Part 1: The hole!
Generally, when I go sailing, I acquire a greater appreciation for the many small things around me. The rhythm that comes from a gently rolling sailboat with nothing but an occasional sail flapping in the wind or water lapping against the bow to break the near silence, affords an inner calm that means small local details can fill the space vacated by the usual worldly minutiae. It’s not unusual to find oneself observing the patterns of the waves, the gradation of the light across distant clouds and the patterns made by birds in flight, which affords them a level of importance in my world, not afforded to them when I’m on land doing my day things (at least not before my conversion to Eco Warrior status).
There is an enforced rhythmic change that is beyond self control – it just happens. I love that state. I tend to play on it to move my thoughts to whatever I choose to think about, not what I have to think about and to do so in a more focused and relaxed way. After a while I can appreciate the colors of the waves while contemplating the greater significance of the most important things in my more normal world. I like this sort of introspection. I like the time I get to appreciate things previously left in limbo or unrecognized. I can’t tell you it leads to sweeping changes (there aren’t too many egg sandwich and caffeinated coffee life shifts available), but it definitely leads to a fuller appreciation of what means most to me and how wrong some of my priorities can sometimes be.

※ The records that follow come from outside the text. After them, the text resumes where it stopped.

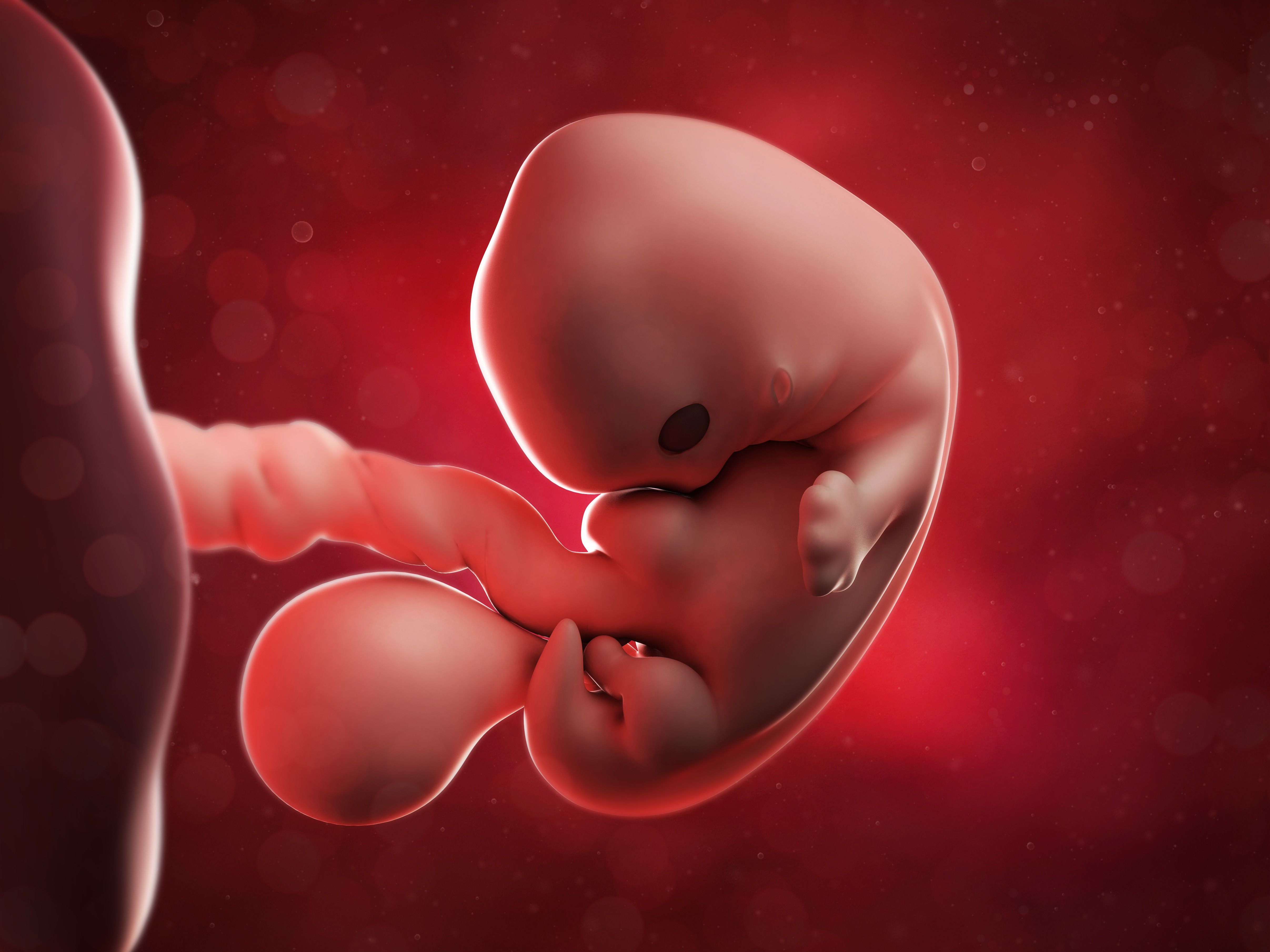 Tercer mes de embarazo: Síntomas y desarrollo de tu guagua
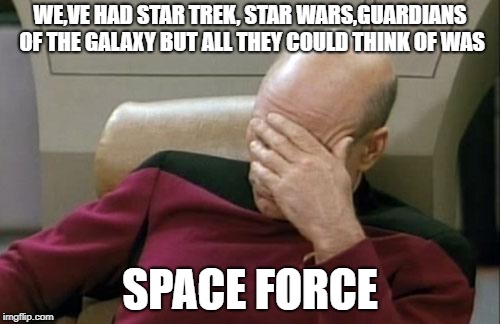 Captain Picard Facepalm Meme | WE,VE HAD STAR TREK, STAR WARS,GUARDIANS OF THE GALAXY BUT ALL THEY COULD THINK OF WAS; SPACE FORCE | image tagged in memes,captain picard facepalm | made w/ Imgflip meme maker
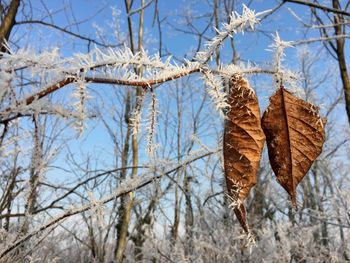 Low angle view of bare trees during winter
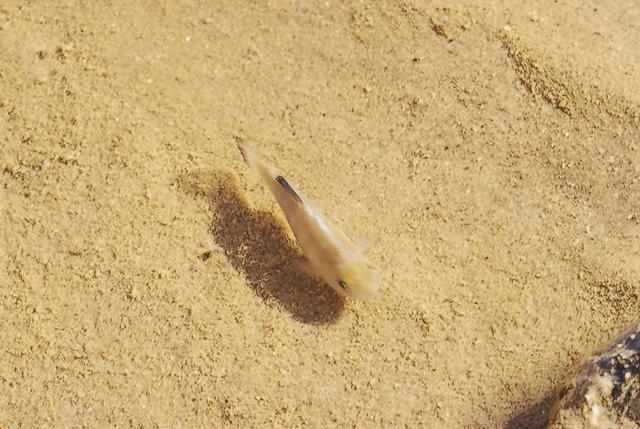23  Salt Creek.  One of 8 species of pupfish.  Like I wasn't going to shoot a fish?  105mm with 2x TC.  Needed more shutter spee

Surprisingly, even through the storms of the last week, I was able to move into a more contemplative state (have I mentioned the storm of last week, or of this week – either?). Of course there were times during those howling winds when the factor of fear might have kicked in and my focus swayed towards self-preservation and doing deals with God. Without wishing to get too deep in my own shit here, I did find it interesting to try and answer this simple question while dealing with 70 mile winds – if I weren’t in this world anymore, whose life would be really affected by my absence. I don’t mean whose life would have a hole in it, a hole I currently fill, I mean where there would be a substantial impact and a definite need for a sustained change to their behavior to fill in for my absence.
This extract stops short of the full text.